• EXERCISE GOAL: The result should be an exact copy of only the lines from the one with "Shoulder Bag Handbag" through the last line of the data below, with pictures omitted.
Start of GIVEN DATA
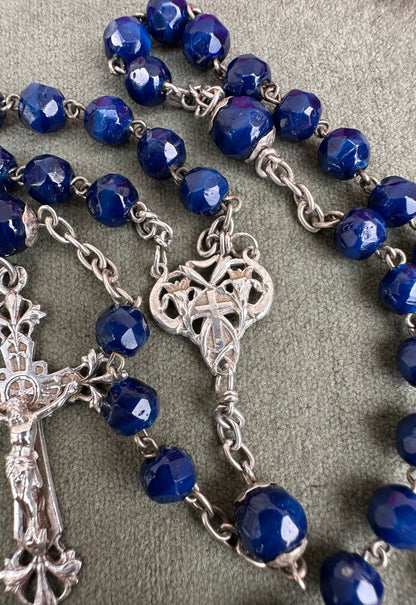 Lapis Lazuli Rosary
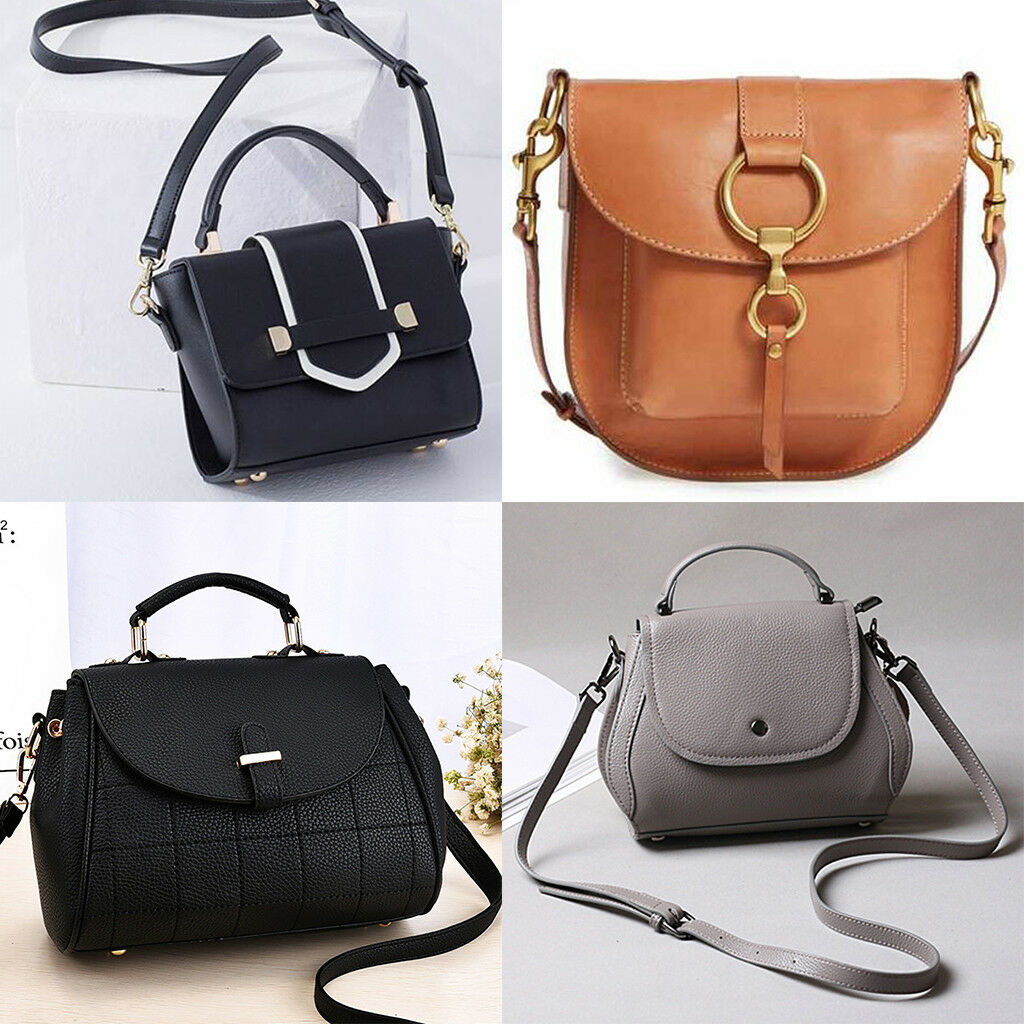 Shoulder Bag Handbag Strap Handle Bag Accessories Purse Making 120cm of Grey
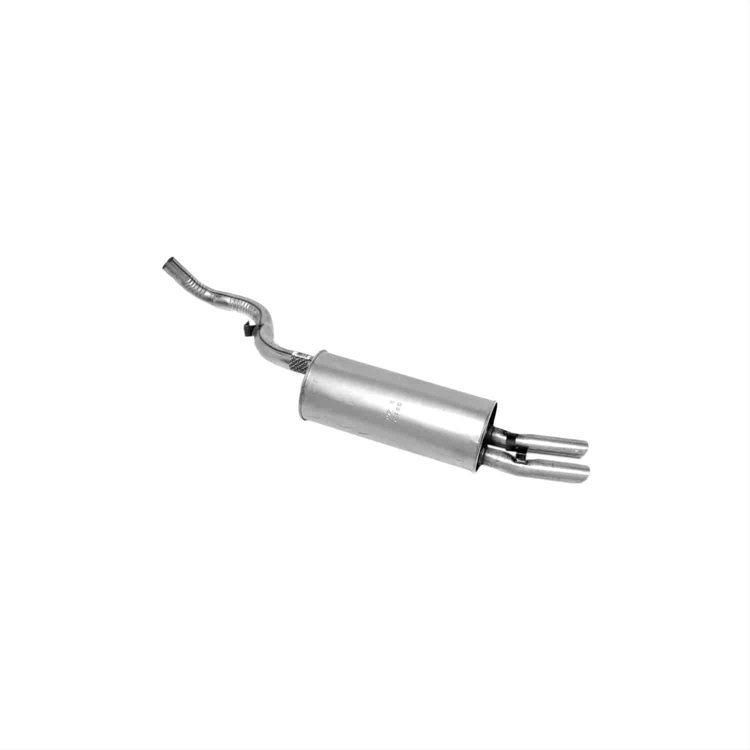 Exhaust QUIET-FLOW MUFFLER ASSEMB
End of GIVEN DATA
• RESULT:
 Shoulder Bag Handbag Strap Handle Bag Accessories Purse Making 120cm of Grey
 Exhaust QUIET-FLOW MUFFLER ASSEMB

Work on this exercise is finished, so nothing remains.